-- Material for this task --
=====

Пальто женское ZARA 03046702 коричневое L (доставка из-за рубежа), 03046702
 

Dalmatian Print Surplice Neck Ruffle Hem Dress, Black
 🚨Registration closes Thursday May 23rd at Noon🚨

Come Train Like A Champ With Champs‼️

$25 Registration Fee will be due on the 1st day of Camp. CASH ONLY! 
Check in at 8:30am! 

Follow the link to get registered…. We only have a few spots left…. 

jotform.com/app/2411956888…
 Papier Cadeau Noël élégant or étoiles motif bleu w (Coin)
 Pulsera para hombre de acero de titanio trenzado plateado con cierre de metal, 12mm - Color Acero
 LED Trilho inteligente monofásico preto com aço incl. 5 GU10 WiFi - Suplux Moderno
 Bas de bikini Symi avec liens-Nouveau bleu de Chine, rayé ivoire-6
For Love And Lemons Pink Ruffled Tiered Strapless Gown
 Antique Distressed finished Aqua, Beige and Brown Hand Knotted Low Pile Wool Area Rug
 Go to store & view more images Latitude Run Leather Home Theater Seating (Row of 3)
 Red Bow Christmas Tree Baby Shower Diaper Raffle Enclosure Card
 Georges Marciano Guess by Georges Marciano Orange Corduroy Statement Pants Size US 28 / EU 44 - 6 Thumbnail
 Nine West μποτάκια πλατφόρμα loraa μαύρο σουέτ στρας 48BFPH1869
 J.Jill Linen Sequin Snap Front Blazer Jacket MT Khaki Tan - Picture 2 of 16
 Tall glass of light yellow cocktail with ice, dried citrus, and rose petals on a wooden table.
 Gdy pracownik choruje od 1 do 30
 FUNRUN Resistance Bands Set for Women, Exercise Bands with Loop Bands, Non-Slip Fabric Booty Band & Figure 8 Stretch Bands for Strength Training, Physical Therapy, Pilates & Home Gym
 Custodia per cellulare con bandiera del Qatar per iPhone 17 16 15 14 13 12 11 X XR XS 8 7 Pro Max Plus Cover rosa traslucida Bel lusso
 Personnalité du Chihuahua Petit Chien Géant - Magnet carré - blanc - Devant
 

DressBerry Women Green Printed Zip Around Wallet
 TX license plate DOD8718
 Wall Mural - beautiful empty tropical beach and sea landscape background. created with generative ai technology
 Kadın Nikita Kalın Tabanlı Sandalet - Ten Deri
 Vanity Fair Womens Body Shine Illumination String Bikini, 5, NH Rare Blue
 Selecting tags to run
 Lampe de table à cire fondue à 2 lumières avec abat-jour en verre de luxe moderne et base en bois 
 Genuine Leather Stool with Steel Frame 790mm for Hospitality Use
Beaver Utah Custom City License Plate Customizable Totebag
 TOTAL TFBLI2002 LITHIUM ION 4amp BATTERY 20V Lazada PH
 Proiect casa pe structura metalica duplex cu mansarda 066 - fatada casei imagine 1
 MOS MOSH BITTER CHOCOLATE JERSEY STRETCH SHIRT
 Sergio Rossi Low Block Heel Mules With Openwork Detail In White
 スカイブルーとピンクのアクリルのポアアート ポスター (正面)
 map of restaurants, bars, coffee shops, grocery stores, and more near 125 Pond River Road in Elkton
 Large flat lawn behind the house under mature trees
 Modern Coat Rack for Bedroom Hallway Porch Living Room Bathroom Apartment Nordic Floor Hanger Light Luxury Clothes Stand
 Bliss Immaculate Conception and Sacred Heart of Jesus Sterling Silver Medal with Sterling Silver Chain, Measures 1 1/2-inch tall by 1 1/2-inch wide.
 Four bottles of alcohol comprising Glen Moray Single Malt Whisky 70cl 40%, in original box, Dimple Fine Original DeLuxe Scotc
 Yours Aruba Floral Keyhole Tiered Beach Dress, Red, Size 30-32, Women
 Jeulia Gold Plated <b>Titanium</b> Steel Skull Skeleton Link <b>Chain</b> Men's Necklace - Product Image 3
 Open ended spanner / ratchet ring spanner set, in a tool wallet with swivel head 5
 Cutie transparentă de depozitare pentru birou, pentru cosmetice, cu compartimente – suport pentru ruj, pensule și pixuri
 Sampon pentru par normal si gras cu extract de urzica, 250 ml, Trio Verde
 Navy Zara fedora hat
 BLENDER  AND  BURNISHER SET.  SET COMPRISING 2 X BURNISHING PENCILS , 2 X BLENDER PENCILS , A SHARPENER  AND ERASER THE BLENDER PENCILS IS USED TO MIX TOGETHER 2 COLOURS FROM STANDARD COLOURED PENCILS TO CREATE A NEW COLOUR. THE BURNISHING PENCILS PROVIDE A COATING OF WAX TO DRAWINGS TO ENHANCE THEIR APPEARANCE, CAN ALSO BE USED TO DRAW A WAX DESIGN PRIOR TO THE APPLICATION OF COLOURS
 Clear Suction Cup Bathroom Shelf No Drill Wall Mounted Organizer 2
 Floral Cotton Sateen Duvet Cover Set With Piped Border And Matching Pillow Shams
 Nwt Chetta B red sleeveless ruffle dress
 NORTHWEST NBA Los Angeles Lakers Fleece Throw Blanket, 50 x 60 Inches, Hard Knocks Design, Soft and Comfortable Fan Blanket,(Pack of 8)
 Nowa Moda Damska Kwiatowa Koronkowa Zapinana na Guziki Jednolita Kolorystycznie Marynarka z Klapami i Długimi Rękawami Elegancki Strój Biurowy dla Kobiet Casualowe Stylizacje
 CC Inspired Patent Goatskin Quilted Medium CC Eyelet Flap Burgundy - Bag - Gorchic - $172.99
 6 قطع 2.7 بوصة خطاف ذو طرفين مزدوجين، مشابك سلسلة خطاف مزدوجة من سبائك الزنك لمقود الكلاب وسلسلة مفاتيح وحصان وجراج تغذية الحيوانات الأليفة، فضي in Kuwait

=====

-- Work instructions --
All lines in the entries above that include "Registration" should be found and copied.

-- Exercise result --
 🚨Registration closes Thursday May 23rd at Noon🚨
$25 Registration Fee will be due on the 1st day of Camp. CASH ONLY! 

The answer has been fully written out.